Of course, this could be bad for highly connected people. I already know that Linda Stone is my shortest path to almost anybody, but once all my contacts know that as well, Linda might just have to go hide under a rock. Still, just as Napster unleashed a music revolution by choosing an unorthodox default (if you download, you make your computer available as a server as well), I believe that “opt out” rather than “opt in” is the trigger that will allow social networking to achieve its full potential as one of the core “Web 2.0” applications.

But back to NORA. A lot of what we do at O’Reilly is driven by pattern recognition, watching emerging trends, and deciding on the right point where adding a strong dose of information to the mix (books, conferences, advocacy) will help some important new idea reach a wider audience and hopefully reach its full potential. Mostly we do this pattern recognition by talking to cool people (“alpha geeks“) but we also do some data mining ourselves. But as Jeff points out, most current data mining efforts are rather like a game of Go Fish. (For example, in the intelligence context, “Do you have an Osama? No. Well, then, do you have a Saddam?”) Instead, he says, we need “fire and forget” queries, that return whenever they have data. (I also believe strongly in visualization tools like the ones we’re building in our own research group, tools that let you see aggregate patterns and trends.)

At any rate, Jeff’s definitely one of the movers and shakers of one of the areas that I believe is going to have a huge impact going forward. He’s also an O’Reilly kind of guy — a high school dropout, a self-taught hacker who developed software that a lot of PhDs told him couldn’t be done.

tags:
  • Scott Hamilton

    This was an interesting article.

    Data mining and NORA are all completely new to me. I may be stating the obvious, but it strikes me that one of the most difficult aspects of searching for relationships is determining what criteria to use. I assume that, given an amount of data that would make the IRS databases look like a flash drive, you would need a set of incredibly powerful computers to churn through the data just to get in the game.

    There’s sooo much data out there. You would first need to decide which Mt.

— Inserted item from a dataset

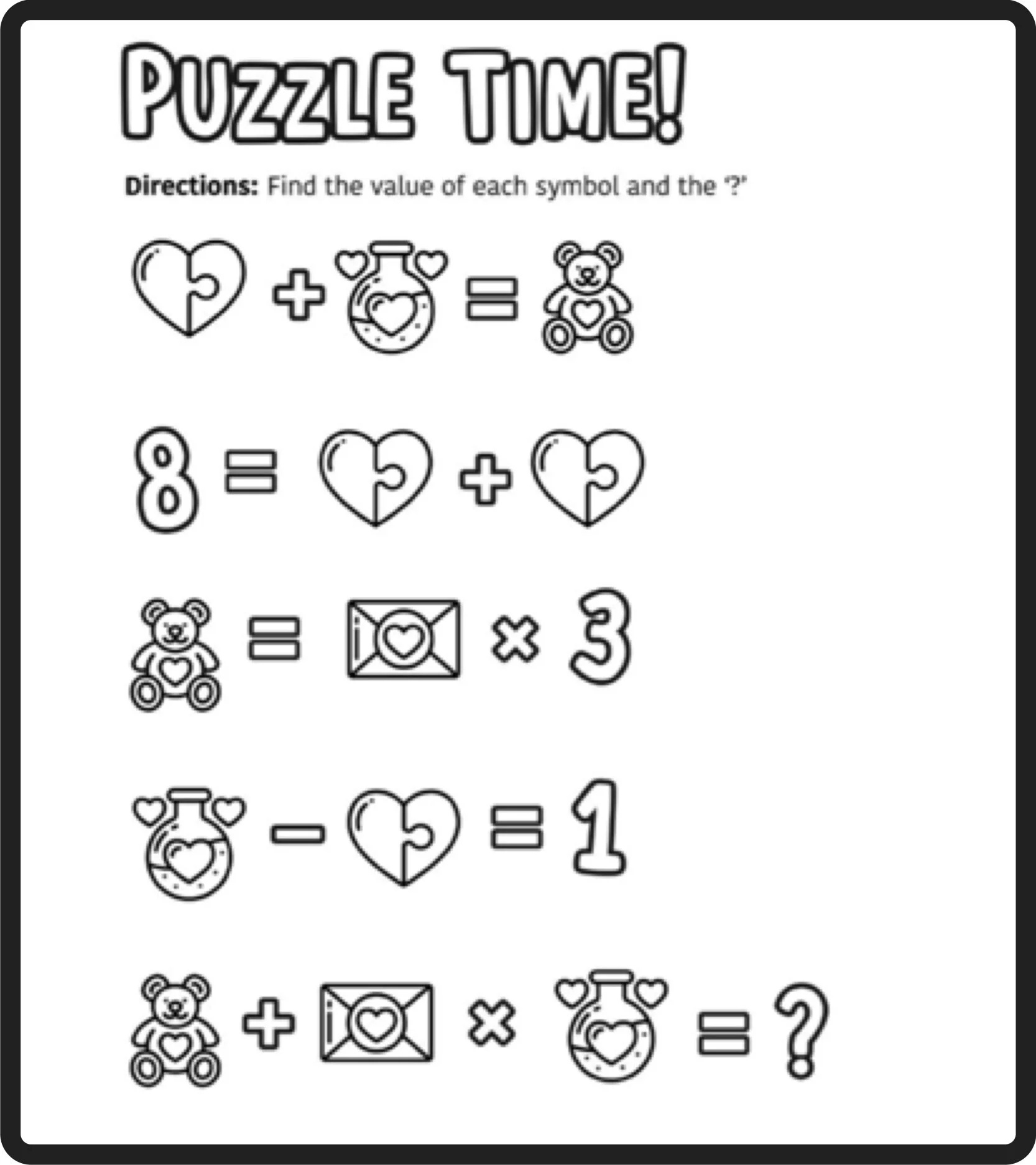 Free Math Puzzles — Mashup Math throughout Math Logic Games Printable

Everest(s) of data to start looking at. Then you need to decide what information (data elements?) you’ll use for establishing potential relationships. Once you get beyond a certain, RELATIVELY obvious chunk of choices, wouldn’t the factors that a system uses to establish relationships be very much reflective of the personality of the system designer(s)? In other words, as an individual, you might see relationships where I don’t, and vice versa. Or are the sophisticated systems able to “learn” and start to decide what type of information might be used to look for relationships?